I like things I’m good at. I’m good at learning. I hate debugging. Let’s debug that.

If we need an extended debugging session, we’ve screwed up. We’ve arranged to have no idea how close we are until we’re suddenly done — if we’re ever done. We’ve arranged to spend an indeterminate, unbounded amount of time and patience to learn something very crucial and small, late in the game, when it’s expensive.

Had we arranged to spend a tiny bit more time and patience earlier, we could have been directing our efforts much more productively (and predictably) now. But here we are, debugging. If I can’t get over my revulsion at having put ourselves in this situation, I compound the cost. So I’ve learned to get over it and on with it.

I’m okay at debugging

I have no particular skill with debugging tools. I do have particular skill at developing software in a way that minimizes the need for debugging. Sometimes my ego-wires get crossed and I’ll take pride directly in my lack of skill with debuggers. Whoops!

Even though I can’t stand debugging, it is learning and for that reason I am (if I can get out of my own emotional way) somewhat skilled at it.

Debugging even when debugging is harder to do

When my niece is ideating, she says “How about this?” Sometimes more than once, to buy time, and perhaps also to generously prepare me to board her flight of fancy.

How about this? There’s a bug. If we don’t fix it, a whole bunch of related functionality that is very valuable (and urgently needed) is fairly useless. So we need to fix it.

We didn’t write any of this code. We have only a surface familiarity with the problem domain and the system architecture. We are, nonetheless, going to be the ones working on this bug.
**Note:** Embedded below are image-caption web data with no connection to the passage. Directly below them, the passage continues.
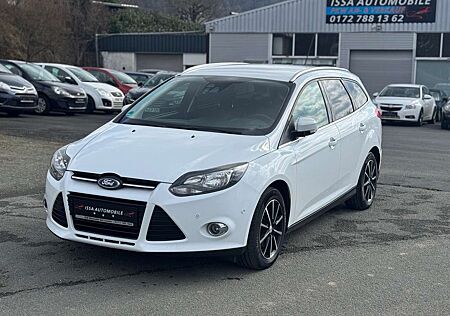 Ford Focus Titanium/Navi/Euro5/Klimaaut/SHZ/PDC/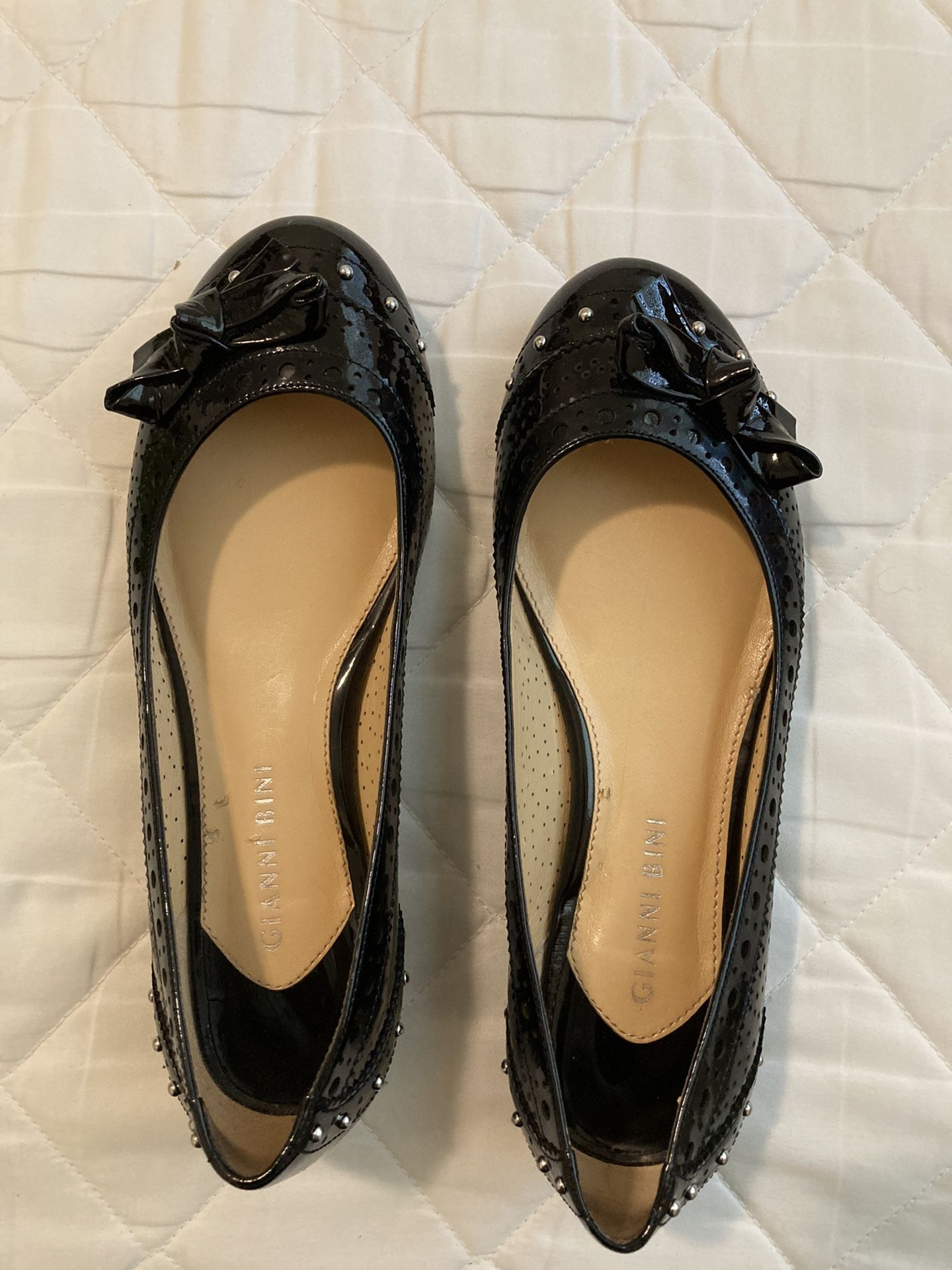 Gianni Bini Black Flats 6.5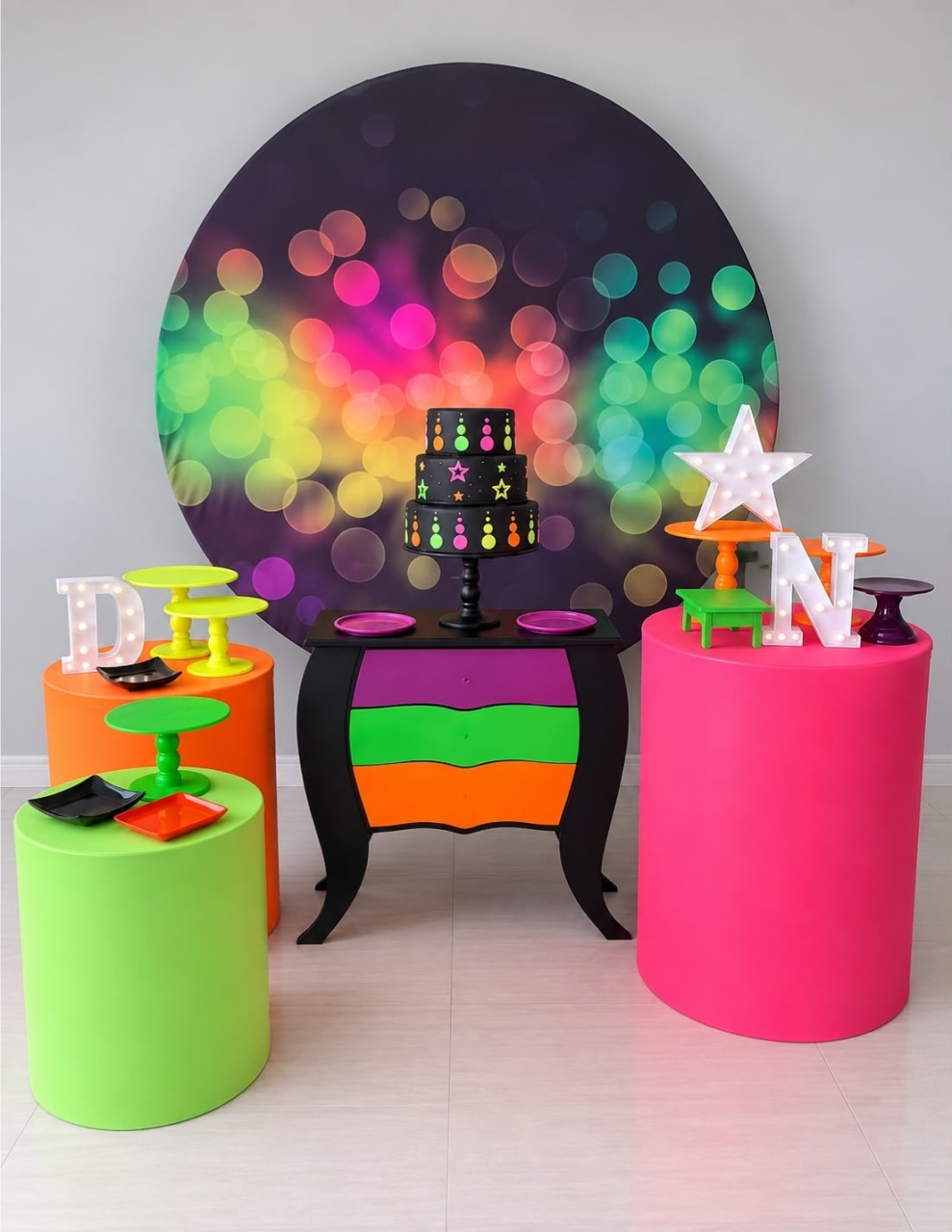 Neon + Mesa Media - FABIANA LOPES DECORACOES
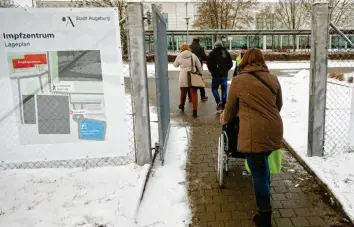  ?? Foto: Peter Fastl ?? Recht beschwerli­ch gestaltet sich der Weg vom Parkplatz zum Impfzentru­m für Senioren.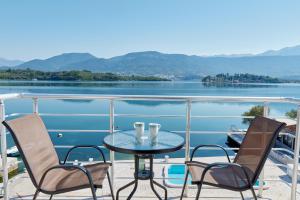 stół i krzesła na balkonie z widokiem na jezioro w obiekcie Apartments Tamaris w mieście Tivat
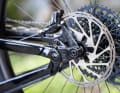 Der Drehpunkt an den Sitzstreben  ermöglicht das High-Pivot-Hinterbaudesign mit virtuellem Drehpunkt. Durch den virtuellen Drehpunkt verbessert sich das Ansprechverhalten unter Bremseinflüssen im Vergleich zu High-Pivot-Bikes mit Eingelenk-Hinterbauten: Auch gut: Die Ausfallenden können getauscht werden.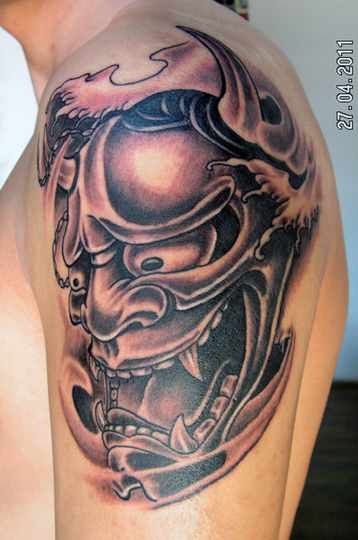 胳膊上帅气的般若刺青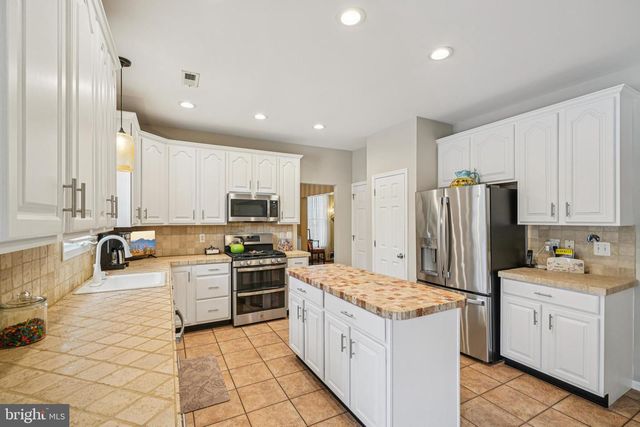 14 PROVIDENCE DR, Richboro, PA 18954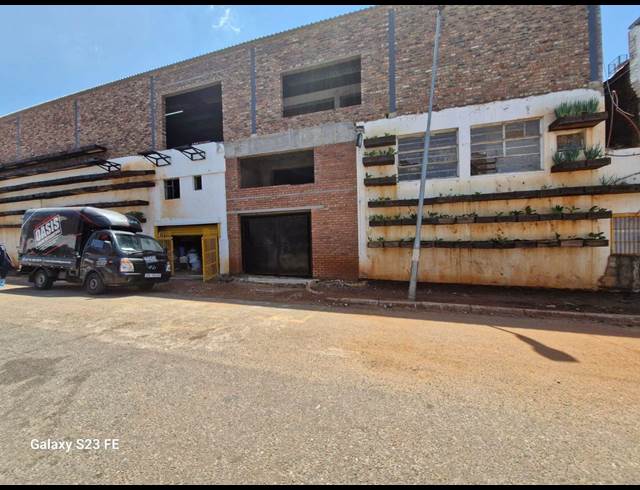 500M² WAREHOUSE TO LET IN NEWTOWN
The bug is somewhere in a big pile of long-method, interspersed-concern, tightly-coupled, ServiceLocator-using, completely-untouched-by-test code. (But I repeat myself.) Naturally, we didn’t uncover it until pre-production. We can reproduce it fairly reliably there, given sufficient load and concurrency. We haven’t been able to reproduce it in any other environments. We aren’t allowed to attach a remote debugger in pre-production (not that that’d help me, because I’m awesome at not knowing debugger (whoops again!)).

What can’t we do?

This less unrecent tweet resonated with less fewer folks:

Chasing a bug, how often do you ask “Did that fix it?” Be kind to yourself. Get answers fast. Write a failing test first.
Moi-mΓͺme encore une fois

Do we know exactly where the bug is? No.

Can we reproduce the bug faster? Not that we know of. It would be ideal if we could first reproduce it locally in any way whatsoever, and then automate that with a failing test. We’d give ourselves many more chances per day to take actions that close in on the problem. But let’s say we know enough about the components in interaction to know it’s prohibitively expensive to try.

What can we do?

We can obtain server logs, and we see exceptions thrown from our code.

The feedback loop

Armed with the logs and the following technique, we can narrow down where the bug must be hiding.

  1. In the logs, skip past the app server crud to the stack trace from our code.
  2. In the code, inspect the method that threw the exception.
  3. In tests, identify all the ways that method can possibly throw that exception. Use any means necessary to get under test.
  4. For each place the exception could be thrown, add a guard clause that returns a sensible value right after it writes uniquely and identifiably to the server log.
  5. Deploy; reproduce the bug; collect the logs; verify that the new exception is coming from one level down the call stack; goto 2.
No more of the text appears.